*Work to be completed*:
Starting at the line below with "Carte étoile de" and stopping at the line with "A woman in a", please print each line exactly, those two included, and skip every picture.

*Entries shown*:

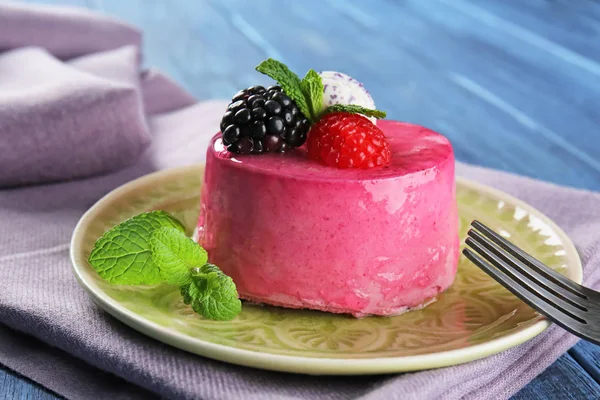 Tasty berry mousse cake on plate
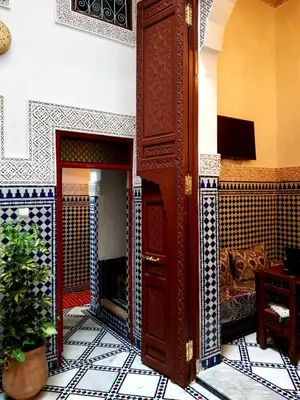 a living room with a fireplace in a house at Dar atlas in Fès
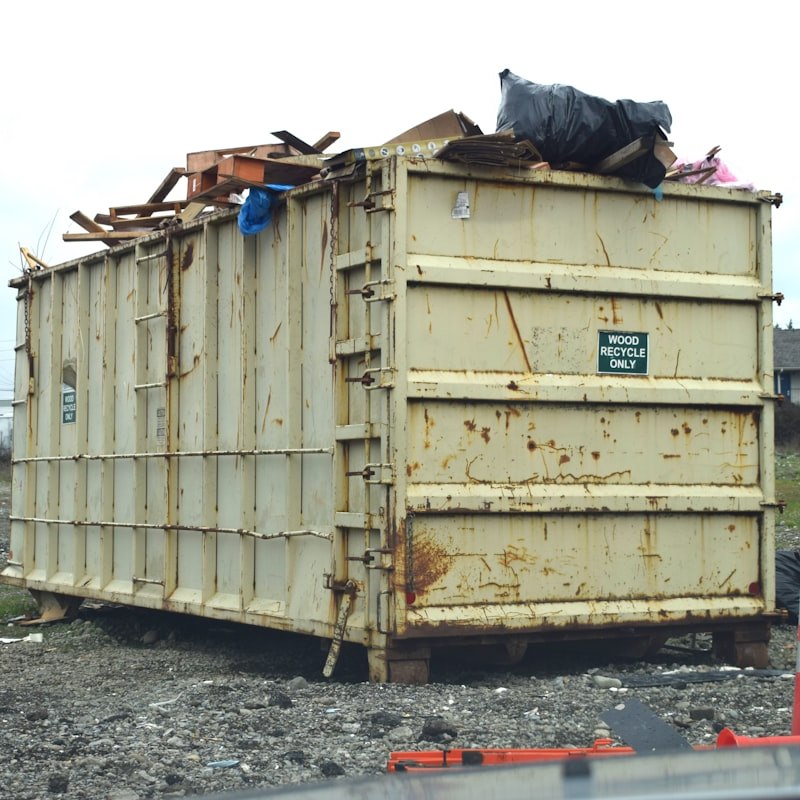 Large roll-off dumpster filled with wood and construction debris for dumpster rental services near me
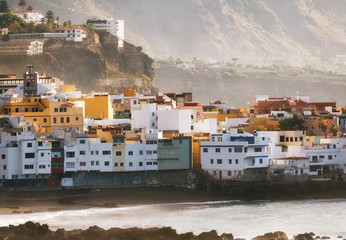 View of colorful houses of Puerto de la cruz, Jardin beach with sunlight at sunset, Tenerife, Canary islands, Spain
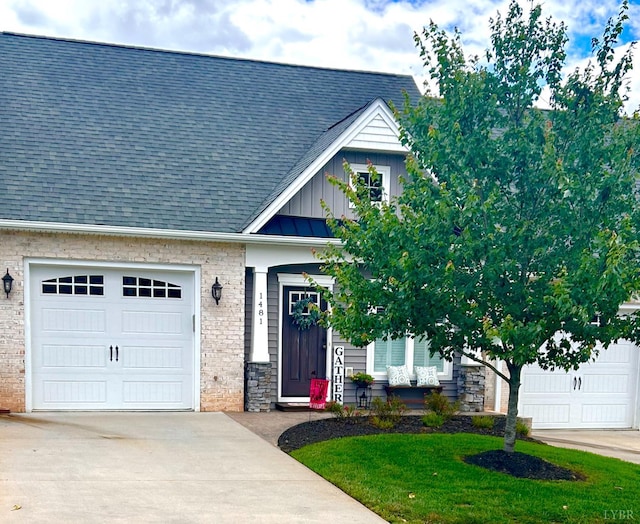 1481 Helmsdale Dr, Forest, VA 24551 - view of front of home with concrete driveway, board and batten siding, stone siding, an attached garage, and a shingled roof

--

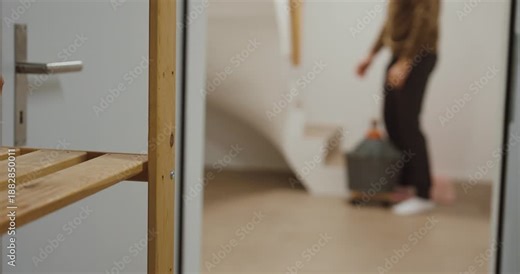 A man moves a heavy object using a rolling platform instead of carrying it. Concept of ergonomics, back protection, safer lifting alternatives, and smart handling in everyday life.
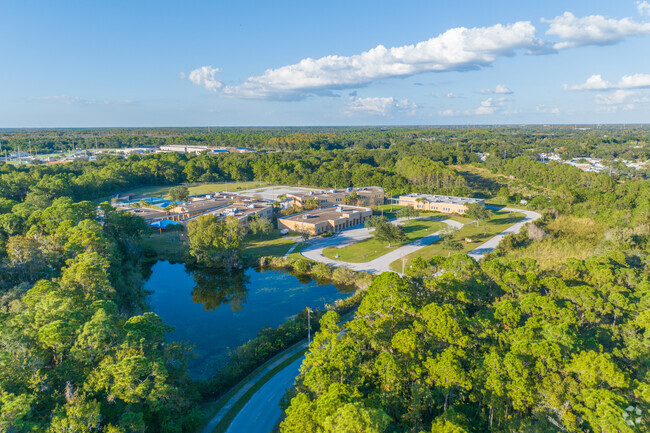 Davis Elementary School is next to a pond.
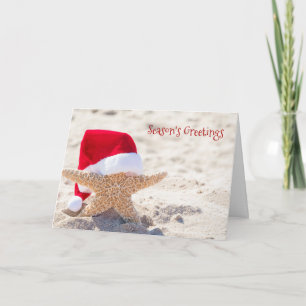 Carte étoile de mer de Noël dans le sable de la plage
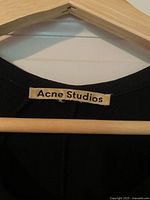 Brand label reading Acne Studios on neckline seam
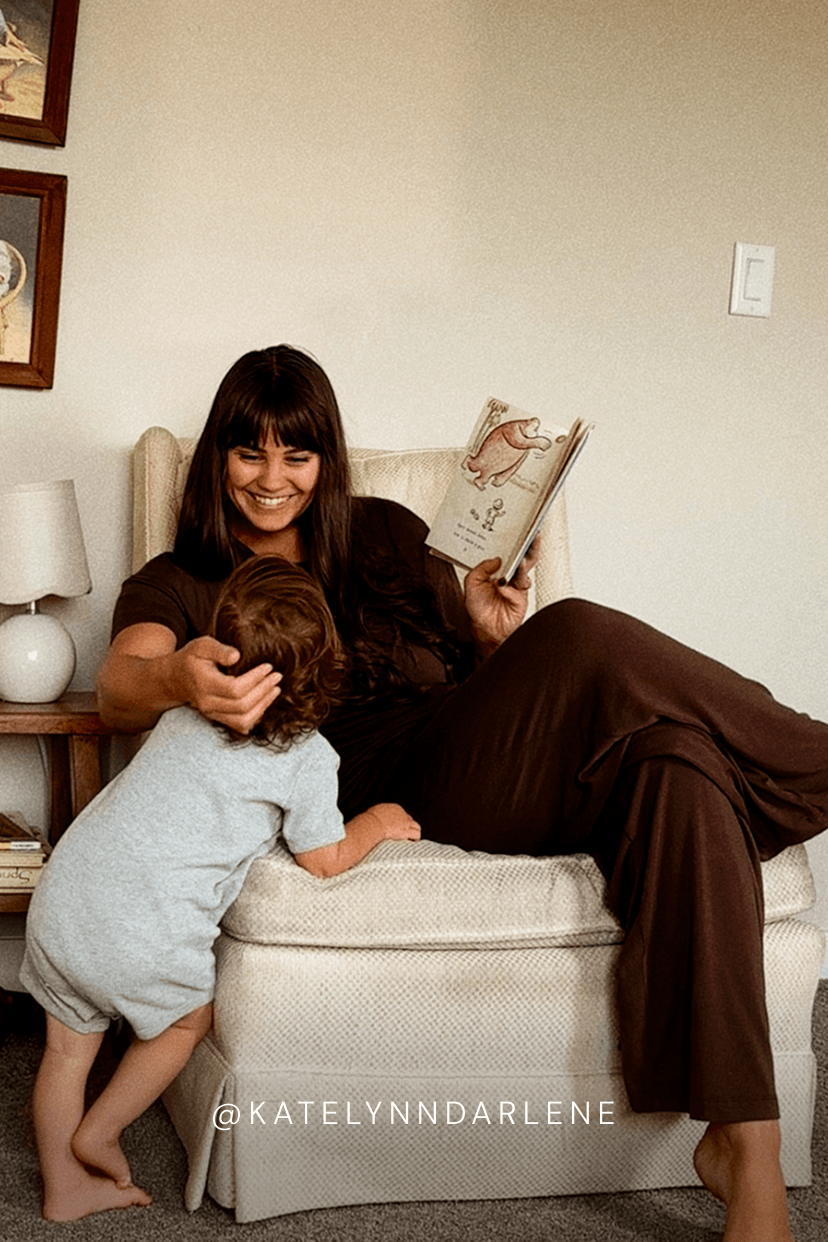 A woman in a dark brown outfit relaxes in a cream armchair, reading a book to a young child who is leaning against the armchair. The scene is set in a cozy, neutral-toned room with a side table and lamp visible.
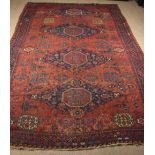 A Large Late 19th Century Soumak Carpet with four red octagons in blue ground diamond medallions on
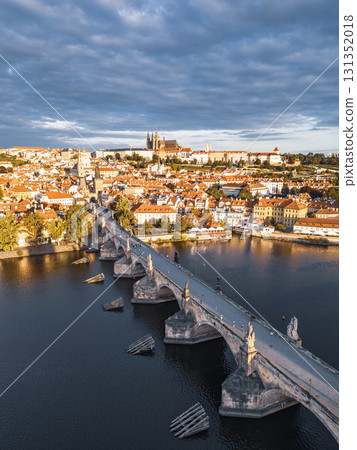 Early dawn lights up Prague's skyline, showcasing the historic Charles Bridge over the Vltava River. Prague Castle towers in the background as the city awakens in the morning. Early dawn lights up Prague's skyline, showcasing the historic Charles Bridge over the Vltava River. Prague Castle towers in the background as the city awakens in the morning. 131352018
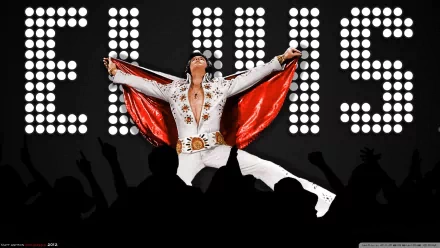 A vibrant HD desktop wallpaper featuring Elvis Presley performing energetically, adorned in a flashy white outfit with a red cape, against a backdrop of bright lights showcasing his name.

*Response box*:
 Carte étoile de mer de Noël dans le sable de la plage
 Brand label reading Acne Studios on neckline seam
 A woman in a dark brown outfit relaxes in a cream armchair, reading a book to a young child who is leaning against the armchair. The scene is set in a cozy, neutral-toned room with a side table and lamp visible.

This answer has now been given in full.